### [TASK DESCRIPTION]
Entries follow. Give back exactly the lines starting at the one containing "So that's 'Are" and ending at the one containing "Then we move", and no other lines.

### [MATERIAL TO PROCESS]
=====

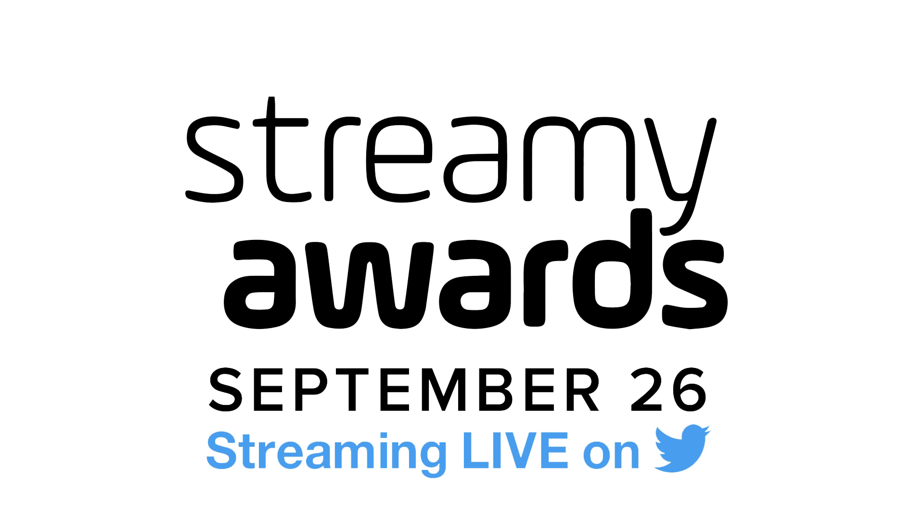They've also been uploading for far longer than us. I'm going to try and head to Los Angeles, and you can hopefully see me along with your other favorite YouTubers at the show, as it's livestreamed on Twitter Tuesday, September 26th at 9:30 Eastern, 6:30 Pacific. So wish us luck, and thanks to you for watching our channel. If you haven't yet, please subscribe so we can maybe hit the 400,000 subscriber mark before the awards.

=====

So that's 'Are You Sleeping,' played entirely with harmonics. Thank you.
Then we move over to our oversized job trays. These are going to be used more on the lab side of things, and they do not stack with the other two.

=====

### [RESULT OF THIS EXERCISE]
So that's 'Are You Sleeping,' played entirely with harmonics. Thank you.
Then we move over to our oversized job trays. These are going to be used more on the lab side of things, and they do not stack with the other two.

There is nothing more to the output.